Theory into practice: Using Integrated Matching to


reconciliate customer data
This appendix describes an end-to-end scenario to demonstrate the Integrated Matching feature using
Talend Data Stewardship integrated with Talend MDM.
Talend Data Stewardship can be integrated with Talend MDM to perform the integrated matching
tasks. In this scenario, Talend Data Stewardship is used to handle the merging tasks generated during
the integrated matching process.
For more information about the integrated matching tasks, see the Talend Data Stewardship
documentation on Talend Help Center (https://help.talend.com).
Assume in a real-life project, a company has some customer information gathered from different
sources. To reconciliate the customer data, you can design a match rule to ensure that the customer
data with similar first names and last names are matched and merged into consolidated customer
data (golden records) to be stored in the master database of the company.

Integrated Matching in Talend MDM


Integrated matching groups together similar records and creates a "golden" record which is a
consolidated version of all records in the group.

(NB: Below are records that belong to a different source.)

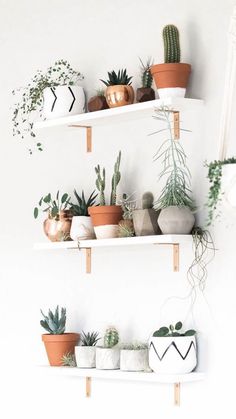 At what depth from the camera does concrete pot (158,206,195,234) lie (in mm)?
2957

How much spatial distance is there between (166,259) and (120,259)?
229mm

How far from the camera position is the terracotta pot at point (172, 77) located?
119 inches

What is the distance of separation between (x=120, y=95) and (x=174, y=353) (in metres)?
0.92

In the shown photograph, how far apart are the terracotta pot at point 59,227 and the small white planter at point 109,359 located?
0.46m

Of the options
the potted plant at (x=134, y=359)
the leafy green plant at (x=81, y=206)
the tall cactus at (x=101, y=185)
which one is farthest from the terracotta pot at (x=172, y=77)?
the potted plant at (x=134, y=359)

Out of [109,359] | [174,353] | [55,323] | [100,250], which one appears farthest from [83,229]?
[174,353]

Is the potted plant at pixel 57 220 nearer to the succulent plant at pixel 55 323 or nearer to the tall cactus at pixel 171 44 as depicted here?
the succulent plant at pixel 55 323

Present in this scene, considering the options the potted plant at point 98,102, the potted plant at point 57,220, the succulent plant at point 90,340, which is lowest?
the succulent plant at point 90,340

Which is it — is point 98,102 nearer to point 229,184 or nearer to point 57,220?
point 57,220

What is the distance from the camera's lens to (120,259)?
333 centimetres

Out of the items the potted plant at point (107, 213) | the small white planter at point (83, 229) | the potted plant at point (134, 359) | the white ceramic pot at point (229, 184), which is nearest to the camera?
the white ceramic pot at point (229, 184)

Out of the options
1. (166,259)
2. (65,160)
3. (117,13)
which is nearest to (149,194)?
(166,259)

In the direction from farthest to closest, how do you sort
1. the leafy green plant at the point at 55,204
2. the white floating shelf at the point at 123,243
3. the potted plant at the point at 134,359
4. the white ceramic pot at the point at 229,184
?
the leafy green plant at the point at 55,204 → the potted plant at the point at 134,359 → the white floating shelf at the point at 123,243 → the white ceramic pot at the point at 229,184

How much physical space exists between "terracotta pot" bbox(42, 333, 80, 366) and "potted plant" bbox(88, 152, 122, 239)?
0.42 metres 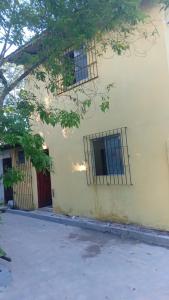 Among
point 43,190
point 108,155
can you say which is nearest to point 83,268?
point 108,155

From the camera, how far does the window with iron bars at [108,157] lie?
8.15 metres

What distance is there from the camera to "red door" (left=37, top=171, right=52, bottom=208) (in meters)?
12.0

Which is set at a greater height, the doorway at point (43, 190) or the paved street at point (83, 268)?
the doorway at point (43, 190)

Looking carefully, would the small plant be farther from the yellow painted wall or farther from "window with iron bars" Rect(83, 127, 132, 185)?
"window with iron bars" Rect(83, 127, 132, 185)

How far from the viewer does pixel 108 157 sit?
28.5ft

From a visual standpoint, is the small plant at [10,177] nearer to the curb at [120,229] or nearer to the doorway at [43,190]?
the curb at [120,229]

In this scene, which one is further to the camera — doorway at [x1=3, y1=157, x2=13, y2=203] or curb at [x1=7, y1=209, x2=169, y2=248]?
doorway at [x1=3, y1=157, x2=13, y2=203]

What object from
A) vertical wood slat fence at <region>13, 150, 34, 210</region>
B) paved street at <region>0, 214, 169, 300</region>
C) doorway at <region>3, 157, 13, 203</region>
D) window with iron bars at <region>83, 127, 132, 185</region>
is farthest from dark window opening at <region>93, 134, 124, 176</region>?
doorway at <region>3, 157, 13, 203</region>

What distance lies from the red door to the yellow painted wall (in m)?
2.65

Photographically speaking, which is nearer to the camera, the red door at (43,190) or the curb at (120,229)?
the curb at (120,229)

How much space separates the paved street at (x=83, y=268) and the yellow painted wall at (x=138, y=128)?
0.91 m

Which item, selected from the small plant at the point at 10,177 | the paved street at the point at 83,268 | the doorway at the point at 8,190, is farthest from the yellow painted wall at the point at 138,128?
the doorway at the point at 8,190

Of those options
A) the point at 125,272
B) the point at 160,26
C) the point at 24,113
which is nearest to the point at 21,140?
the point at 24,113

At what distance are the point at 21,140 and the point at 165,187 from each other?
12.0 ft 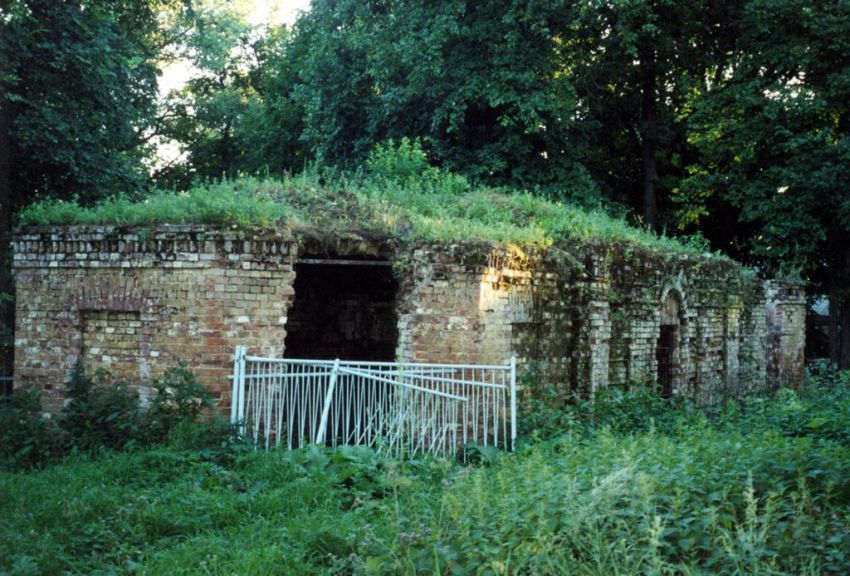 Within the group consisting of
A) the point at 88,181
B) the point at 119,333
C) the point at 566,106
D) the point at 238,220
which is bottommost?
the point at 119,333

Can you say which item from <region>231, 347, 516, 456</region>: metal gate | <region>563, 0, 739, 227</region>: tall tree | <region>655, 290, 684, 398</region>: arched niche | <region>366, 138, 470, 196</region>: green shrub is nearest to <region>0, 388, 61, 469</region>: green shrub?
<region>231, 347, 516, 456</region>: metal gate

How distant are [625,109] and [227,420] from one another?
20726mm

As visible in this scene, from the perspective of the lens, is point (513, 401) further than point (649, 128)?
No

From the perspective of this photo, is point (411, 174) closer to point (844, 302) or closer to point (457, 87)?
point (457, 87)

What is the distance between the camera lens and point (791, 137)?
22.4 meters

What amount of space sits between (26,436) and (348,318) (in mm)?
6441

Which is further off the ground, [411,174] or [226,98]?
[226,98]

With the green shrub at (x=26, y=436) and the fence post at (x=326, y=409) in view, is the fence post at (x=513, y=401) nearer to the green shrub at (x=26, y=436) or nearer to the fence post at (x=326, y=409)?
the fence post at (x=326, y=409)

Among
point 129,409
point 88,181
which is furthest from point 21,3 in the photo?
point 129,409

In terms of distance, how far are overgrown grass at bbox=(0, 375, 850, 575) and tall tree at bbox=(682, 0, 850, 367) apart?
15.4m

Integrated matching in Talend MDM enables you to deduplicate or reconciliate data by doing the
following:
• Identify similar records and select the values to survive. This is known as the match and
survivorship process.
• Build golden records.
• Create the merging tasks for records that need human intervention to be merged, and list them
automatically in Talend Data Stewardship.

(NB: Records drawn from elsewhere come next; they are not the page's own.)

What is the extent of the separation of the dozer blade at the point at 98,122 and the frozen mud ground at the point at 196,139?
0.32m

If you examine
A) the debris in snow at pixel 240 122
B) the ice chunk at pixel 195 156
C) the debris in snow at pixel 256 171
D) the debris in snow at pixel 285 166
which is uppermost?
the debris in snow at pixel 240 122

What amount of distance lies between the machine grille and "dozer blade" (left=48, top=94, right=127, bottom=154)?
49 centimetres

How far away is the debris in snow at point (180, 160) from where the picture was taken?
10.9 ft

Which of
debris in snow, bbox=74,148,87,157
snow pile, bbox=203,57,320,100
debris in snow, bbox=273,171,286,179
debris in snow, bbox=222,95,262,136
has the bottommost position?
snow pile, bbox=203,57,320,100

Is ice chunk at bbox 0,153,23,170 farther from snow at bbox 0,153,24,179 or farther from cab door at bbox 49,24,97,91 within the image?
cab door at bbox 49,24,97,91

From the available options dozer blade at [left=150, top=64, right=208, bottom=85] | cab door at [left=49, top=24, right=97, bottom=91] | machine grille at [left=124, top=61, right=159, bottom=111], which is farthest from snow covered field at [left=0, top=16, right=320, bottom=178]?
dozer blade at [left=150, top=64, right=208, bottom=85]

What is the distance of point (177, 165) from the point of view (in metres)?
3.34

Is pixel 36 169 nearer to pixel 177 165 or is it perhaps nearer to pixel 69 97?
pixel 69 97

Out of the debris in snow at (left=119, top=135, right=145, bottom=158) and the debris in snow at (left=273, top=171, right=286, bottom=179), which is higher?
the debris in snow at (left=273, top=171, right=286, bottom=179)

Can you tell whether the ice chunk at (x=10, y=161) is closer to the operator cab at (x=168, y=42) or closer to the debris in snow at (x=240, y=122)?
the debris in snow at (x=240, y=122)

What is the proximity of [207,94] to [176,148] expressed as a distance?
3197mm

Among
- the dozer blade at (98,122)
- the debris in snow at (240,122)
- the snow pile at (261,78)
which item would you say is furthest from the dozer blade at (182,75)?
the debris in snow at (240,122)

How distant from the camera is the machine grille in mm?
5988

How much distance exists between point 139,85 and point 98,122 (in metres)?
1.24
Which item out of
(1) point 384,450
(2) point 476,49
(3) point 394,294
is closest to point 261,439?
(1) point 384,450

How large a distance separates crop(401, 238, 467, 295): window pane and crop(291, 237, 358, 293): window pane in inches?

• Handle the merging tasks in Talend Data Stewardship, for example, change the survived values or
remove extra records.
• Run the validation process again in the staging area.
Integrated matching only deals with records within the staging area, which is actually a mirror of the
SQL storage used to store master data records.

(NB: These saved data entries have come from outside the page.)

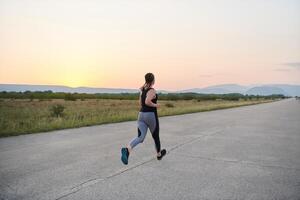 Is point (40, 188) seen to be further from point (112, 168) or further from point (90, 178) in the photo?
point (112, 168)

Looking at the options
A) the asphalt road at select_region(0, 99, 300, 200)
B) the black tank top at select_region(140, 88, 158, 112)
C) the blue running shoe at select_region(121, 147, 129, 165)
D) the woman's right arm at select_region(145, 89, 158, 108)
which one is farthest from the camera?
the black tank top at select_region(140, 88, 158, 112)

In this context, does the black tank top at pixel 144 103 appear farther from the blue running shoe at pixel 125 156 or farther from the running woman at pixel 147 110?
the blue running shoe at pixel 125 156

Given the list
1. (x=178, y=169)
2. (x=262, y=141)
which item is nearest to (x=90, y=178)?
(x=178, y=169)

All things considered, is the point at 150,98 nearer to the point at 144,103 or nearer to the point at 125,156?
the point at 144,103

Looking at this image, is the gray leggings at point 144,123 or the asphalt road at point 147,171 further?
the gray leggings at point 144,123

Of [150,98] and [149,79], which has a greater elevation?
[149,79]

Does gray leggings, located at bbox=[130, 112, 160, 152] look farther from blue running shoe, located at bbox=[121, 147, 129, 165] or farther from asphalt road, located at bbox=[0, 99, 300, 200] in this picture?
asphalt road, located at bbox=[0, 99, 300, 200]

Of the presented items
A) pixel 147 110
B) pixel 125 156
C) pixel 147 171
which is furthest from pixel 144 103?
pixel 147 171

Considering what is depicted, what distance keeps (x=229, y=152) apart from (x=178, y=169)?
2548mm

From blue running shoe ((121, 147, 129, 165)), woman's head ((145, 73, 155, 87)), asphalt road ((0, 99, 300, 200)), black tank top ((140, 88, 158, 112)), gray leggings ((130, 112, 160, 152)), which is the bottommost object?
asphalt road ((0, 99, 300, 200))

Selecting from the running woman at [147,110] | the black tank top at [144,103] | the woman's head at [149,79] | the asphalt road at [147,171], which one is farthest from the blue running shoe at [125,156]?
the woman's head at [149,79]

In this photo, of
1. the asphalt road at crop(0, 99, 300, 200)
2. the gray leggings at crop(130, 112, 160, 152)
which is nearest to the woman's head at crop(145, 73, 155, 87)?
the gray leggings at crop(130, 112, 160, 152)

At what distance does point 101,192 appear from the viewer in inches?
175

Once the staging area has data records waiting for validation, MDM users can run the validation
process to transfer data from the "staging area" to the "master database".
The integrated matching in MDM is different from the data matching with Jobs in that the native
feature is fully integrated and all the logic is owned by MDM rather than in various Jobs.

Prerequisites
Before you begin this scenario, make sure:
• You have configured the integration of Talend Data Stewardship with Talend MDM. For more
information, see Configuring the integration of Talend Data Stewardship with Talend MDM on
page 5.
• You have created an empty project in Talend Studio.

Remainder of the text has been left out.